ALGHERO - Si è svolta questa mattina, presso la sede di Nemapress Edizioni in via Manzoni, la conferenza stampa di presentazione del Comitato “
Sì Separa – Alghero”, nato per sostenere il Sì al referendum costituzionale sulla riforma della giustizia del 22 e 23 marzo. «Questo referendum – hanno spiegato i promotori – non è un voto su un governo o su uno schieramento. È un voto sull’architettura della giustizia italiana e sull’affidabilità che lo Stato deve garantire ai cittadini».

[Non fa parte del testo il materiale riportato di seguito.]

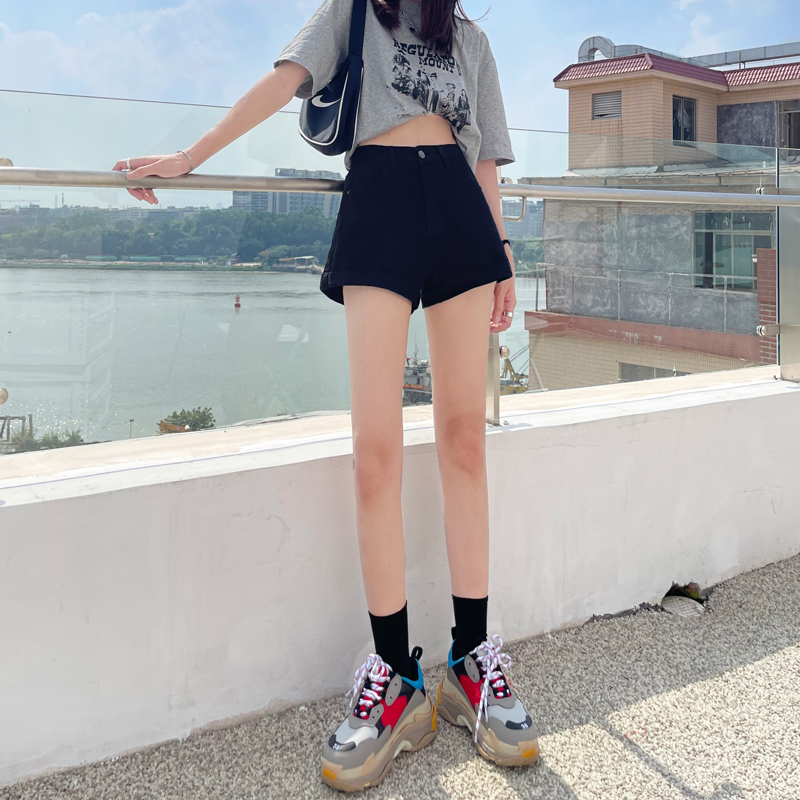 Quần đùi nữ, quần short nữ kaki basic hàn quốc màu đen size S M L SKUQ-09A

Il Comitato “SÌ Separa” è una iniziativa nazionale promossa dalla Fondazione Luigi Einaudi, con l’obiettivo di creare uno spazio di confronto apartitico e trasversale, aperto a cittadini, professionisti e amministratori che vogliono discutere nel merito della riforma. Nel corso dell’incontro è stato ricordato come negli ultimi decenni migliaia di persone abbiano subito ingiuste detenzioni o errori giudiziari, con centinaia di milioni di euro di risarcimenti pagati dallo Stato. «Dietro quei numeri ci sono vite segnate. Ripensare l’assetto della magistratura significa prevenire gli errori, gli abusi e rendere tutti più responsabili». Separazione delle carriere tra chi giudica e chi accusa, due Consigli superiori distinti, Alta Corte disciplinare autonoma e riduzione del peso delle correnti: questi i punti centrali della riforma illustrati nel manifesto sottoscritto dai fondatori. «Indipendenza e responsabilità devono camminare insieme. La divisione dei poteri è il cuore dello Stato di diritto. Una magistratura più trasparente e meno condizionata dalle correnti è, secondo noi, una magistratura più forte, in cui avere di nuovo fiducia».

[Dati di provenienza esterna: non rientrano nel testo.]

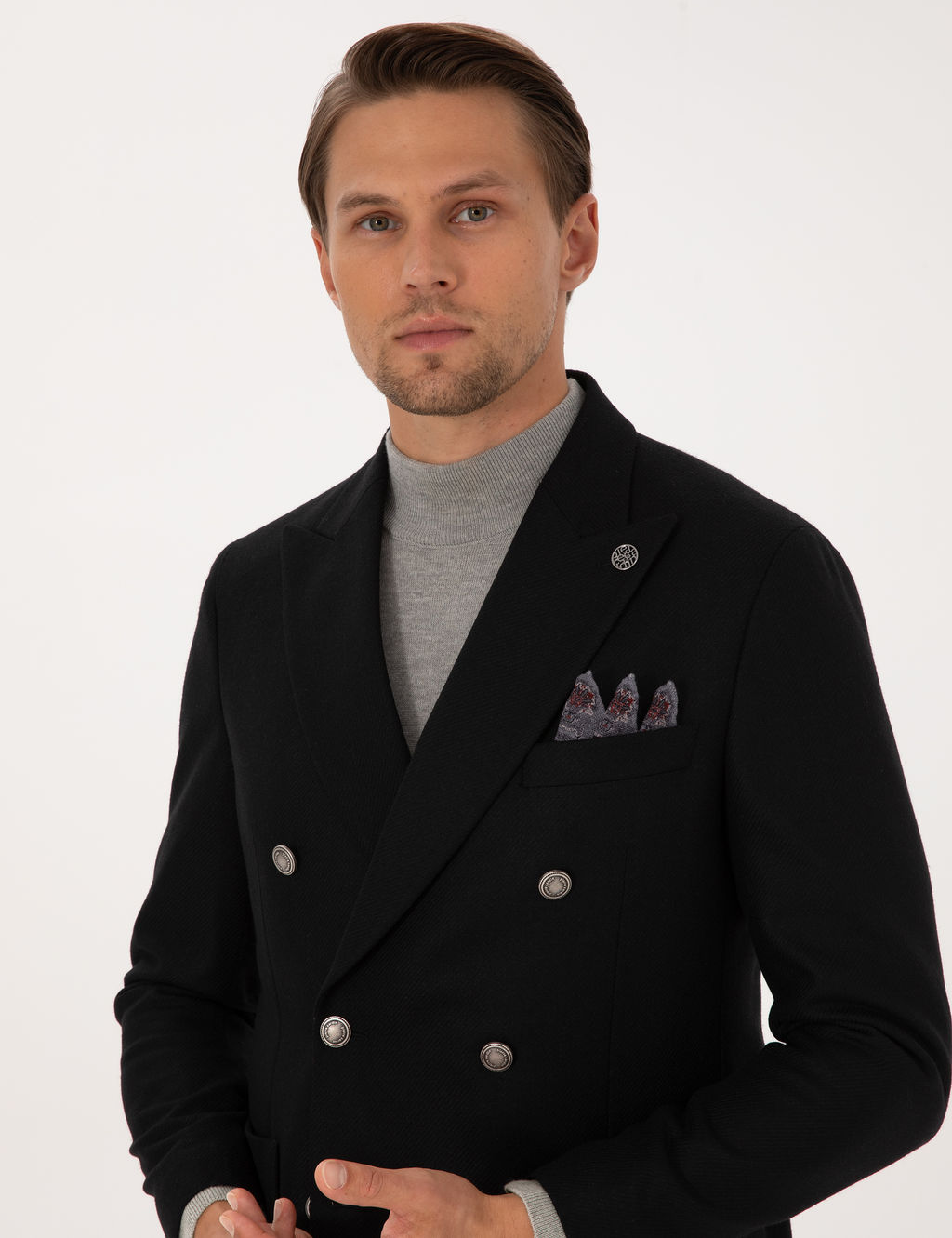 Siyah Ex. Slim Fit Y_n Kar___ml_ Kruvaze Ceket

I promotori hanno inoltre criticato il tentativo del fronte del No di trasformare il referendum in uno scontro politico generale. «Noi parleremo di contenuti, risponderemo alle mistificazioni con dati e confronto pubblico». La conferenza ha registrato una partecipazione ampia e attenta. Il Comitato ha annunciato incontri pubblici, appuntamenti nelle piazze di Alghero e iniziative con ospiti nazionali per approfondire le ragioni del SÌ e contrastare la disinformazione. «Il 22 e 23 marzo si vota per una giustizia più indipendente, più responsabile, più credibile».